§ Data shown:

——————

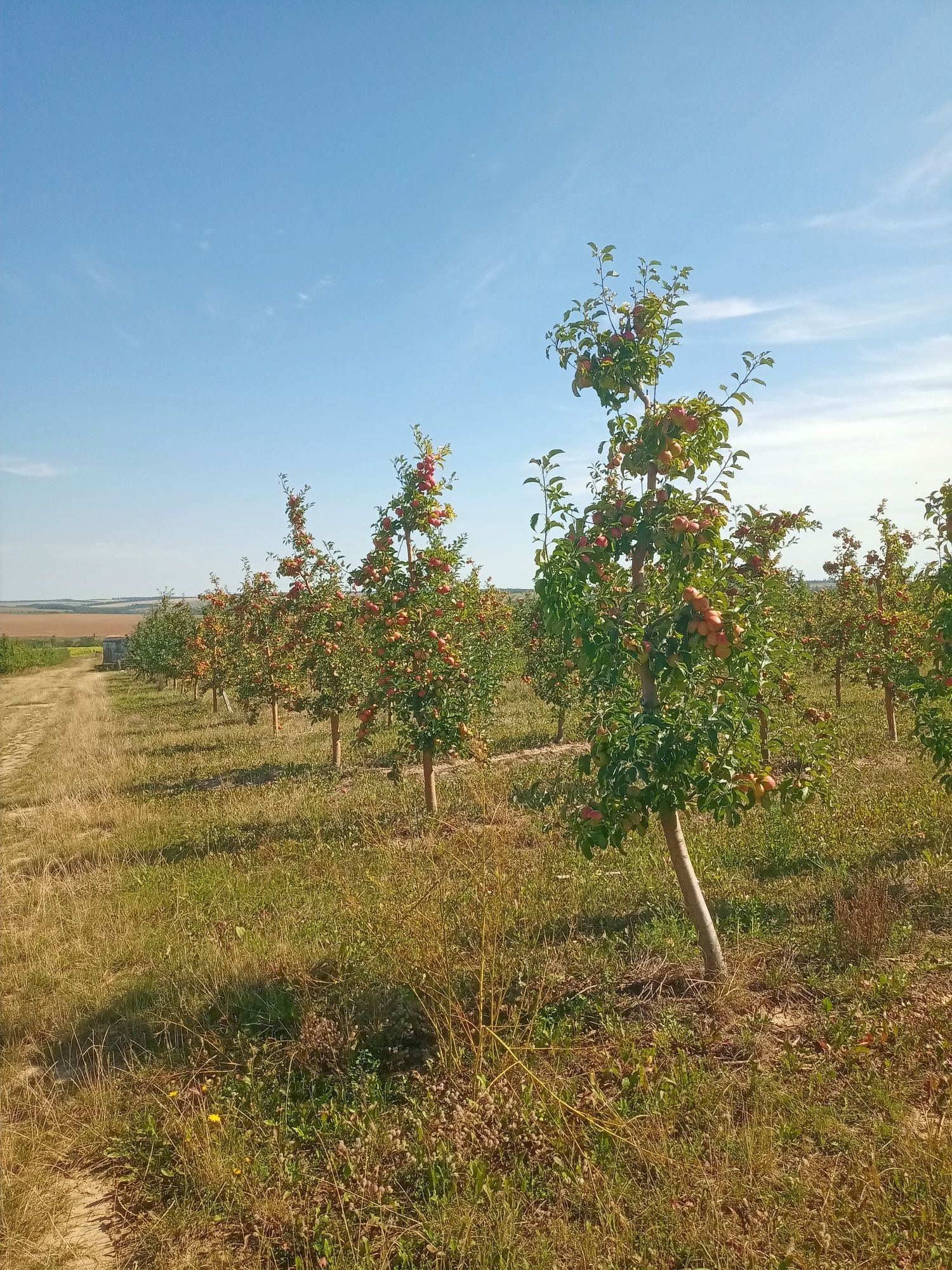 Продам яблука різних сортів.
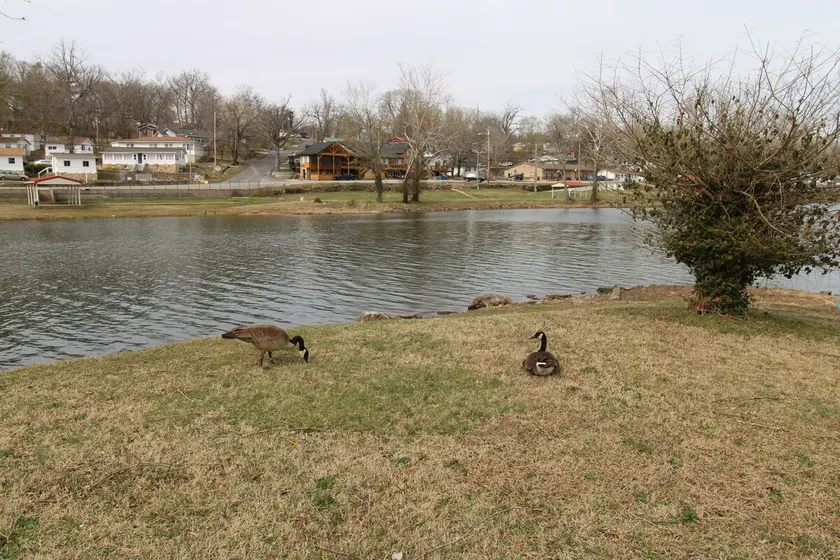 Idlewild at Duck Harbor Resort - Image 1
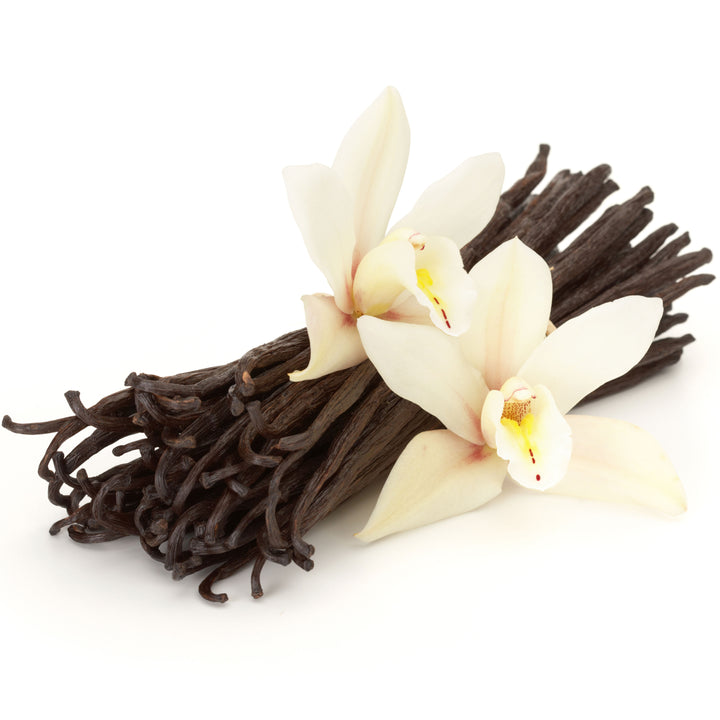 bundle of vanilla beans with vanilla flower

——————

§ Task instructions:
The line containing "Idlewild at Duck Harbor Resort - Image 1" and each line after it through the end of the listing above are to be written out exactly, without the pictures.

§ Response:
 Idlewild at Duck Harbor Resort - Image 1
 bundle of vanilla beans with vanilla flower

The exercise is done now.